::: Source records :::

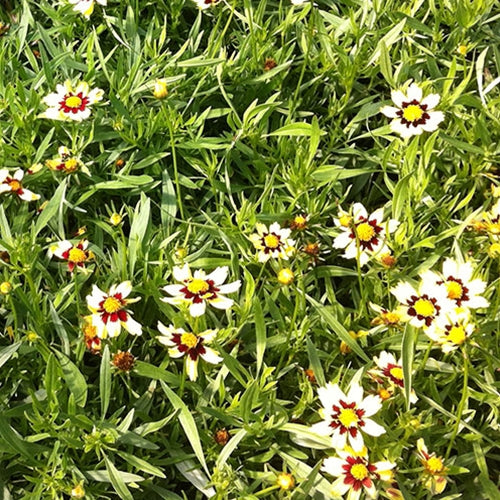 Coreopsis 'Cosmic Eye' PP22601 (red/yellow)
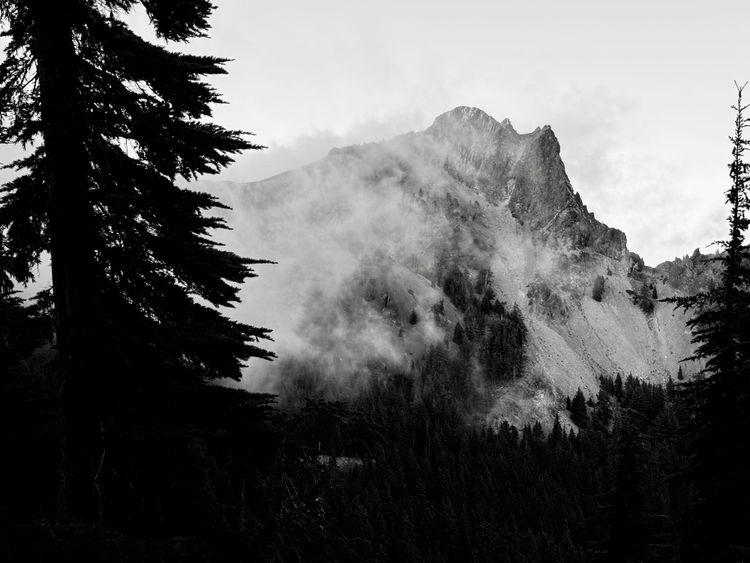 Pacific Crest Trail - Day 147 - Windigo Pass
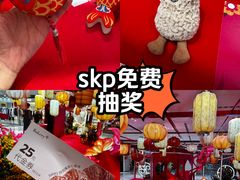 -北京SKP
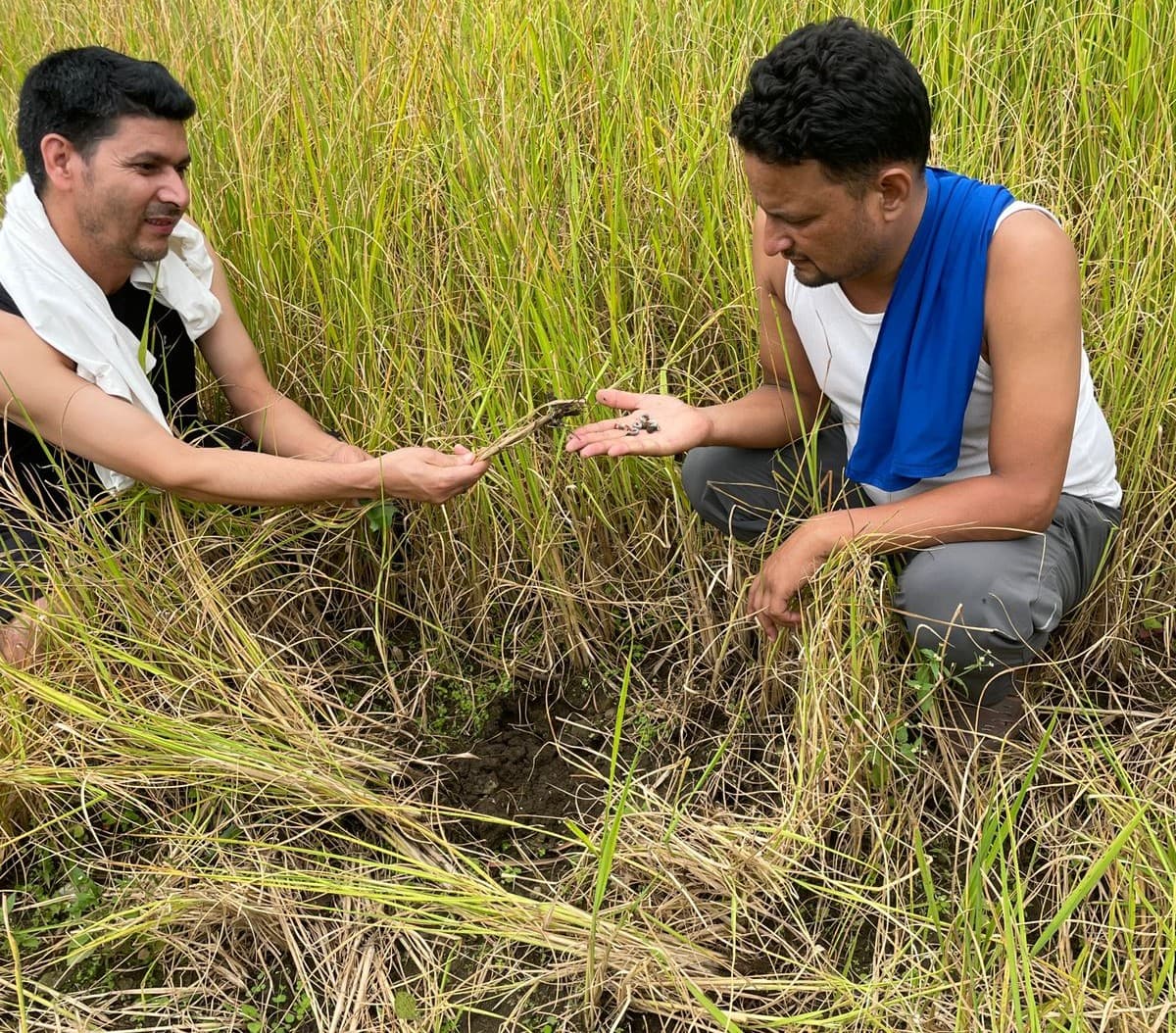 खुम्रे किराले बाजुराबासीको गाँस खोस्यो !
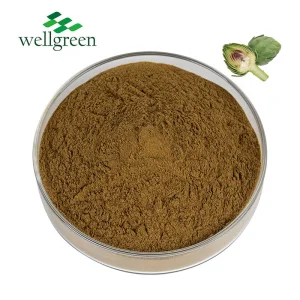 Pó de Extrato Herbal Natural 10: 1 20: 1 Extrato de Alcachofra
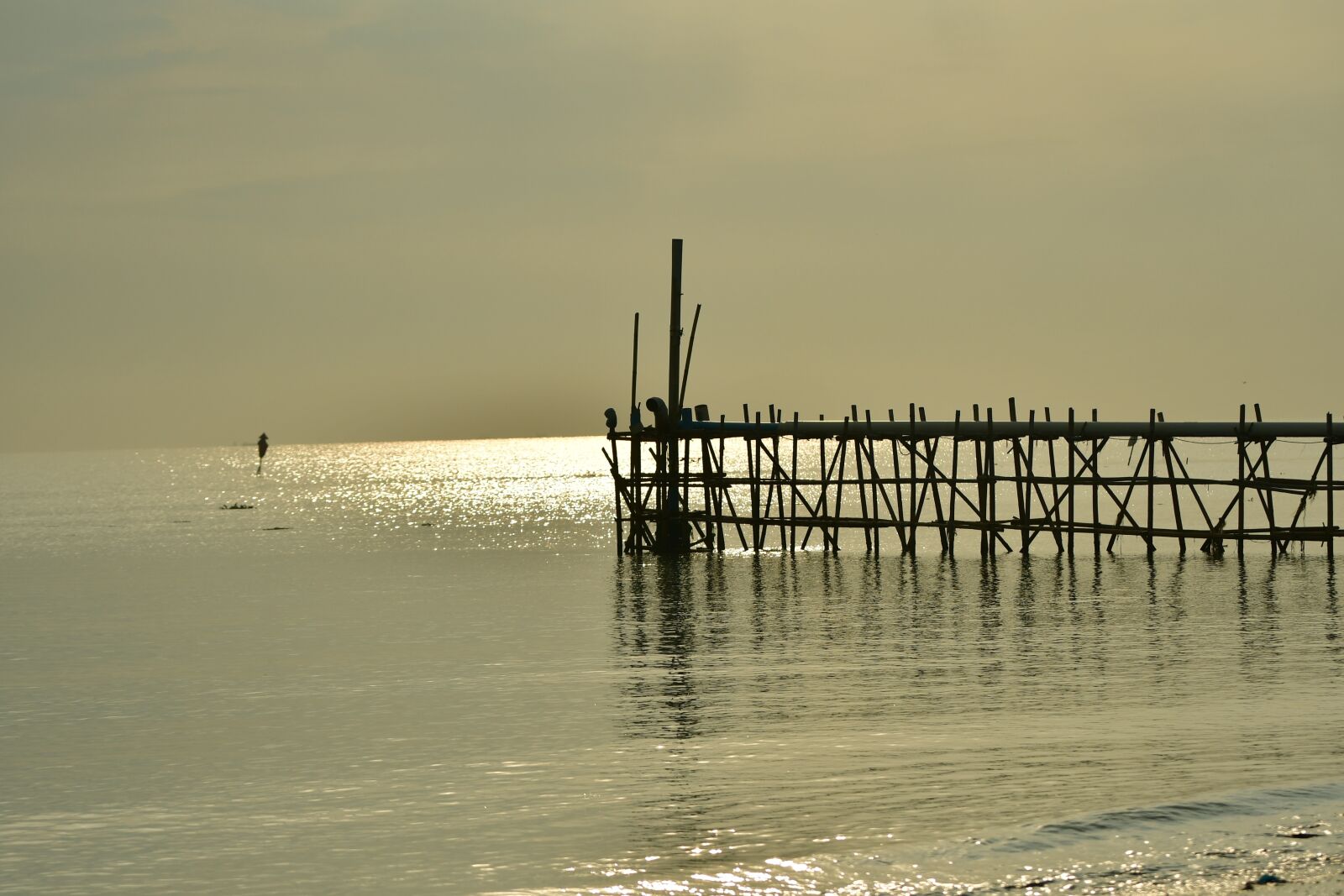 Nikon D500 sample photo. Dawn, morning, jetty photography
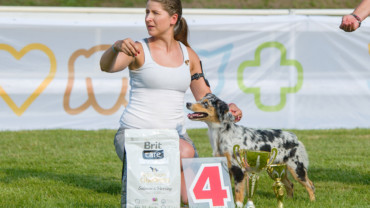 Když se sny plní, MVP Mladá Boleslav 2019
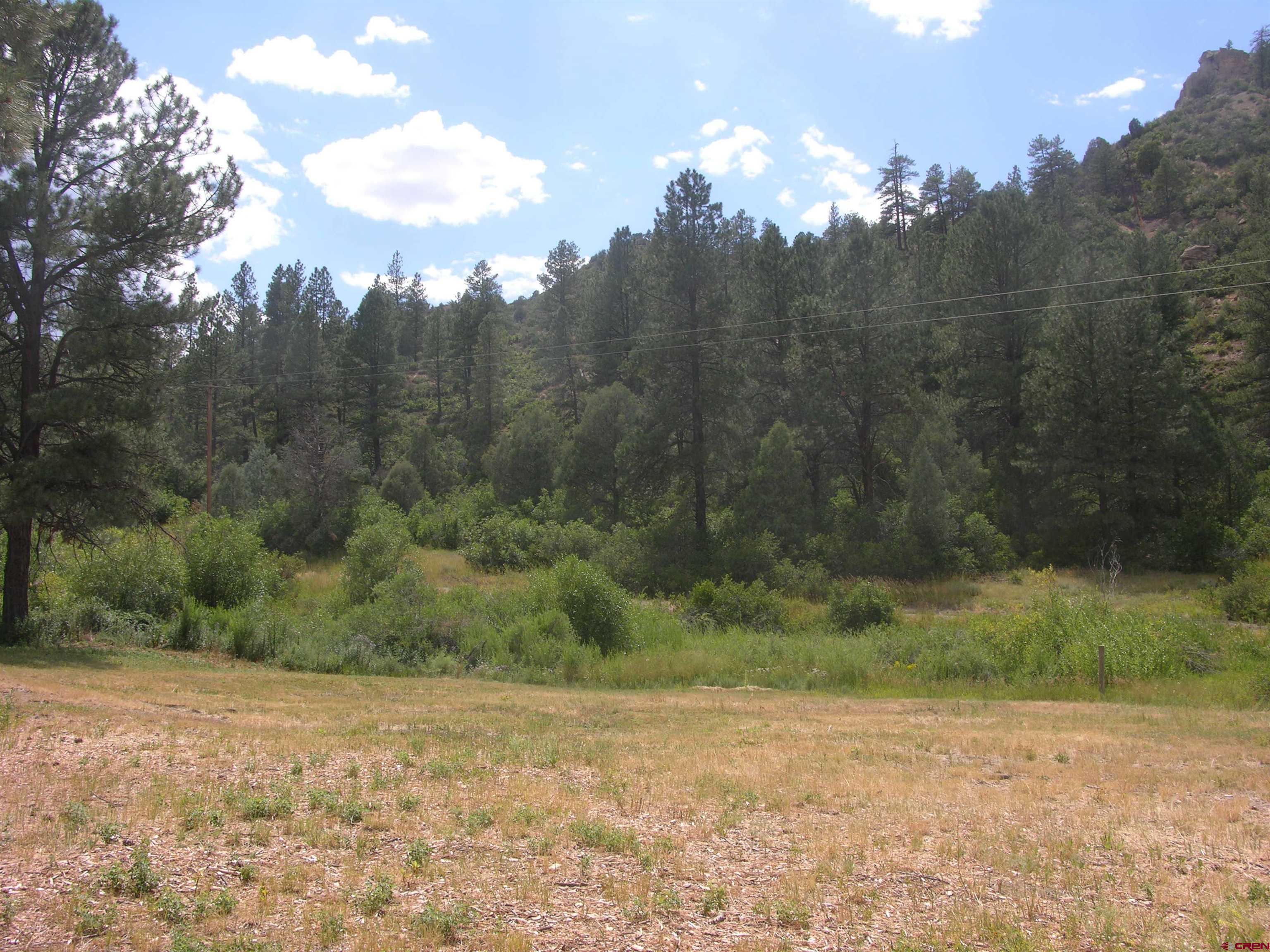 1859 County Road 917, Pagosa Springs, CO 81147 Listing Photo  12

:::

Copy the listing exactly. Leave the pictures out.

 Coreopsis 'Cosmic Eye' PP22601 (red/yellow)
 Pacific Crest Trail - Day 147 - Windigo Pass
 -北京SKP
 खुम्रे किराले बाजुराबासीको गाँस खोस्यो !
 Pó de Extrato Herbal Natural 10: 1 20: 1 Extrato de Alcachofra
 Nikon D500 sample photo. Dawn, morning, jetty photography
 Když se sny plní, MVP Mladá Boleslav 2019
 1859 County Road 917, Pagosa Springs, CO 81147 Listing Photo  12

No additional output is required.